Later, quickly follow Next links again but fetch and parse only the new
messages that weren't processed before, and fold those new entries into
the database. Bleep me on terminal whenever new e-mail arrives.
- For each spam listed in above database, download and parse message to
get Received lines, trace internal Yahoo forwarding backwards to
discover last-relay IP number, look up the CTW (Complain To Whom) info,
auto-complain, and flag that message in database as already complained.
- Collect just the list of last-relay IP numbers of spam on Yahoo! Mail
to add to my database of ISPs that have spammed me, so that I can
refuse CGI services to their users just the same as I would if they
spammed me at my Unix ISP address.
- Set up a spam-retrieval service whereby if somebody wants to know why
I have some particular IP number listed as a source of spam, my
software could look that number in my database to see which Yahoo!

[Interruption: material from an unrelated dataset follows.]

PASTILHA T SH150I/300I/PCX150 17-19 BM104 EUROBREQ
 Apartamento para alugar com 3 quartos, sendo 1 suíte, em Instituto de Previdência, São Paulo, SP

Mail
account got spam from there and which particular message there was the
spam, auto-download that spam message, parse, and reconstruct the
original form of the spam.

With just a little more code, namely semi-parsers for various WebPages
presented by Yahoo! Groups, I could write a spider that checked many
such groups to see which have new messages I haven't yet seen, and
notify me, presenting me with a nice menu of what messages have
appeared in which groups, and letting me click on any entree to
auto-retrieve that message and let me view it.

** Why should anybody care? If you read this far, here's your reward, a
quick summary of part of why I'm posting this: In just two workdays
(Thursday and Saturday), I wrote all the code described above and got
it working, buliding on what I had written 2002.Mar-May. This shows the
wonderful productivity available when programming in lisp (specifically
CL, in this case CMUCL), and also my individual productivity. I really
need some money before I become homeless. Please somebody hire me!!
You'll get a lot of good productivity for your money!!